Interpretation of stats from pepXML viewer

42 views
Skip to first unread message

Alastair Skeffington

unread,
Dec 13, 2019, 5:29:16 AM12/13/19
to spctools-discuss
Hi,

Can someone explain what's happen here please:

Number of spectra in the .mgf file = 1856
Number of spectra after conversion to mzXML = 1856
Number of spectra in pepXML file after comet search: 1752

I then search against database A (DB-A) and database B (DB-B) and count the number of spectra in the pepXML file as counts of "<spectrum_query spectrum=". Yields 1752 in both cases.

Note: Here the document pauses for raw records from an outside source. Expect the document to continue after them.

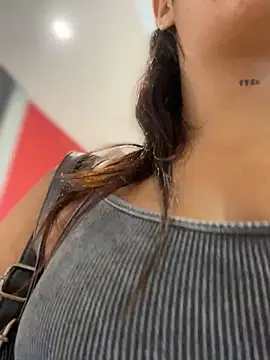 Snapshot of Kaily_Sweet16 chatting on 11/02/25, 06:43 Kaily Sweet16 online show from 11/02/25, 06:43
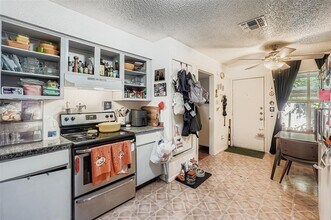 7214 Salt Springs Dr in Austin, TX - Building Photo - Building Photo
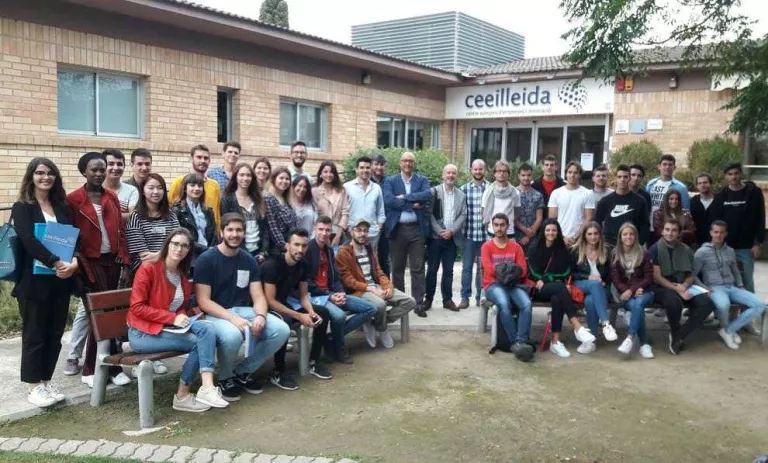 Més de 200 estudiants han passat pel CEEILleida en el que va d'any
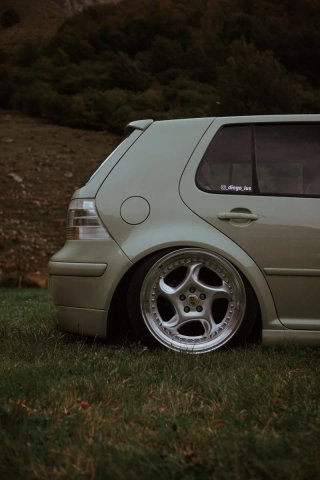 Volkswagen Golf MK4 – Proyecto Único stance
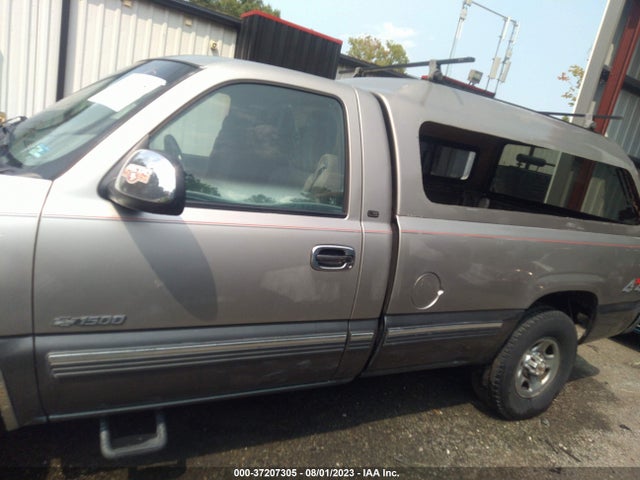 37207305 :رقم المزاد ، 1GCEK14V7YE352650 vin ، 2000 Chevrolet Silverado 1500 Ls مزاد بيع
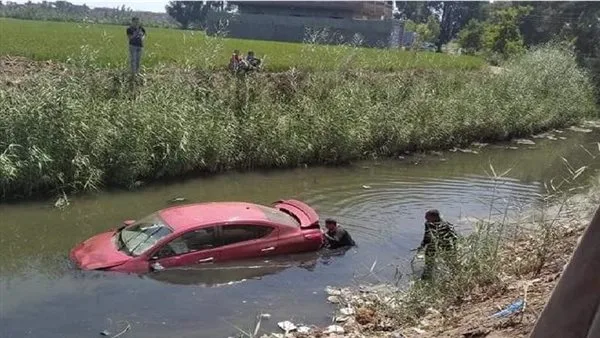 مقتل وإصابة 5 أفراد جراء انقلاب سيارة خاصة في ترعة بالمنيا مقتل وإصابة 5 أفراد جراء انقلاب سيارة خاصة في ترعة بالمنيا
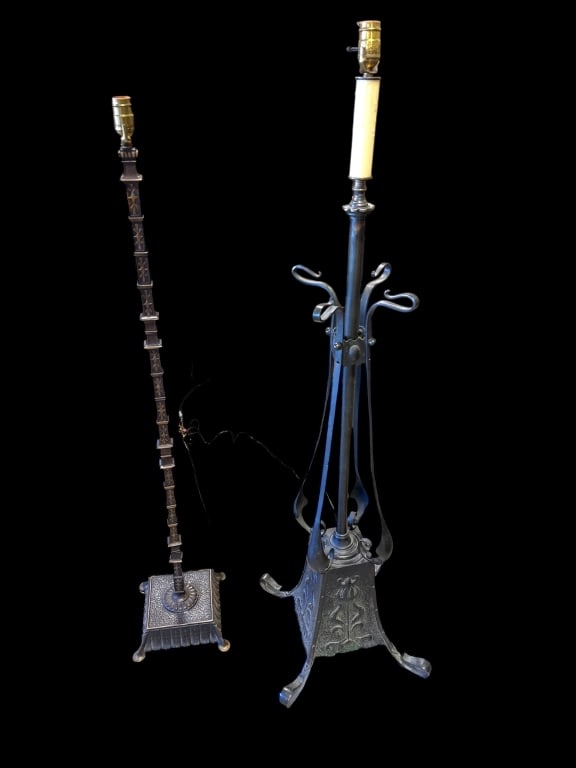 2 Antique Cast Iron/ Wrought Iron Floor Lamps (1 of 8)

I then run "xinteract -Neg.pepXML -PPM -dDECOY_ -OARP eg_pepp.pepXML" on each of the files. Now when I search for the string "<spectrum_query spectrum=" I get 481 hits for DB-A and 632 hits for DB-B. The pepXML view then calculates the "Efficiency ID'd/searched" - so the denominator is different for each database.
 
Can someone help to explain this behavior?

  • Why does the xinteract output present different numbers of records ("<spectrum_query spectrum= ...") for the two different databases, even though the number of records in the pepXML input was the same?
  • Isn't the definition of 'Spectra searched' used by Petunia misleading? It's not the number of input spectra to the search engine.
  • Presumably the loss of spectra between the input to comet and the output is due to loosing those spectra with absolutely no match to the database or decoys due to some internal threshold on the score for PSMs.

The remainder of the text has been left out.